SEC announces a one-year extension for foreign private issuers
Important Sarbanes-Oxley information for non-accelerated filers and foreign private issuers
The Securities and Exchange Commission announced March 2, 2005, that companies who are not required to file annual and quarterly reports on an accelerated basis (i.e. non-accelerated filers), as well as foreign private issuers filing annual reports on Form 20-F or 40-F, must now comply with the internal control over financial reporting requirements for their first fiscal year ending on or after July 15, 2006.
This represents a one-year extension from the previously established July 15, 2005, compliance date for non-accelerated filers and foreign private issuers. The SEC similarly extended the compliance date for these companies relating to requirements regarding evaluation of internal control over financial reporting and management certification requirements.
According to Dan Halpern head of Deloitte Brightman Almagor’s ERS Group, "it is not worthwhile for companies to halt any Sarbanes-Oxley Readiness progress they have made.
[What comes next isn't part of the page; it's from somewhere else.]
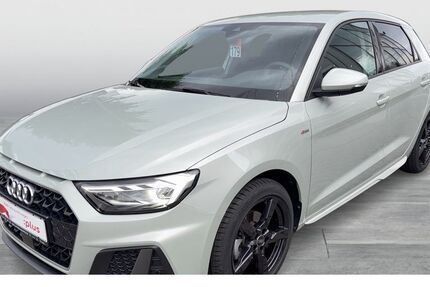 Audi A1 9.362 km 23.980 &euro; Mönchengladbach 41066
It is recommended that they complete the efforts they have begun, in order for their Independent Auditors perform a "dry run" internal control assessment on the 2005 Financial Statements". "Furthermore," adds Halpern, "companies that pro-actively implement the law's requirements will enjoy other business benefits, as many companies have revealed that their Sarbanes-Oxley Readiness projects have helped them improve the overall efficiency and effectiveness of their company's business processes."